Maintenant je n’écris plus qu’en français, ou l’incroyable périple d’un acteur ukrainien en France

« Par où commencer ? », s’interroge Viktor Kyrylov en regardant le public du Théâtre de Belleville. Les mains dans les poches, la mèche rebelle, les yeux brillants, il murmure : « Par le début. » Ce matin du 24 février 2022, sa mère l’appelle pour lui dire que les Russes ont envahi l’Ukraine. Originaire d’Odessa, le garçon, qui a 20 ans, vit depuis près de trois ans à Moscou où il suit des cours d’art dramatique au prestigieux Gitis (Institut d’État d’art théâtral). Il se préparait justement pour la première de La Mouette . Le lendemain, les répliques des personnages de Tchekhov résonnent étrangement avec la guerre. Viktor Kyrylov indique les lieux stratégiques sur une carte. « Tous ces événements sont liés et ne peuvent pas exister indépendamment les uns des autres », écrit-il à raison.

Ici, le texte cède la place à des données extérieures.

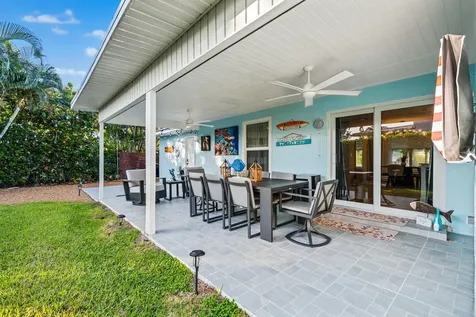 9165 SE Yacht Club Circle Hobe Sound FL 33455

Déchiré, au cœur d’une situation qui lui échappe du jour au lendemain, l’acteur ne sait plus où est sa place, ses repères s’effondrent. « Il y a de quoi devenir schizophrène », dit-il en se prenant la tête entre les mains. Il ne peut plus continuer à étudier, ni rentrer chez lui. Il se sent coupable et se remet en cause. Quel intérêt de se passionner pour la culture russe quand sa famille, ses amis, ses racines enfin sont ukrainiennes ? Doit-il choisir un camp, s’engager dans l’armée ukrainienne et quelle langue parler désormais ? Sa maman l’aide à choisir. « Ce n’est pas l’Ukraine qui t’a porté pendant neuf mois, c’est moi… Je ne t’ai pas fait pour que tu ailles à la guerre », souligne-t-elle.

Inspiré par Wajdi Mouawad

Puissant, émouvant, mais dépourvu de pathos, intitulé Maintenant je n’écris plus qu’en français, le spectacle de son fils aîné balaie la complexité d’un être plongé dans un conflit qui a des répercussions mondiales. Inspiré par l’auteur de théâtre Wajdi Mouawad, Viktor Kyrylov nous fait toucher du doigt une réalité difficile à travers son propre parcours. Il raconte comment, avec un ami, il décide de quitter la Russie - ses camarades du Gitis l’accompagnent à la gare -, de rejoindre la France en passant par l’Estonie. Il arrive « à 23 h 15, le 24 mars 2022 », à la gare routière de Bercy, à Paris. Et va exaucer son rêve de jouer.

Il est lumineux et fort

Éric Ruf, administrateur général de la Comédie-Française

Le théâtre l’a sauvé. Dire ses maux sur un plateau a valeur de thérapie. D’autant que Viktor Kyrylov a une présence et ne manque pas de talent. L’acteur, qui n’a appris le français qu’en 2022, s’en sort haut la main. Ce n’est pas un hasard s’il a reçu le soutien du Théâtre de Belleville, d’Éric Ruf, l’administrateur général de la Comédie-Française, et de Laurent Muhleisen, le conseiller littéraire de la Maison de Molière. Après le Conservatoire national supérieur d’art dramatique de Paris, leur « poulain » a intégré l’Académie du français. « Il est lumineux et fort », admire Éric Ruf. On ajoutera : volontaire et courageux. Son histoire mériterait d’être publiée.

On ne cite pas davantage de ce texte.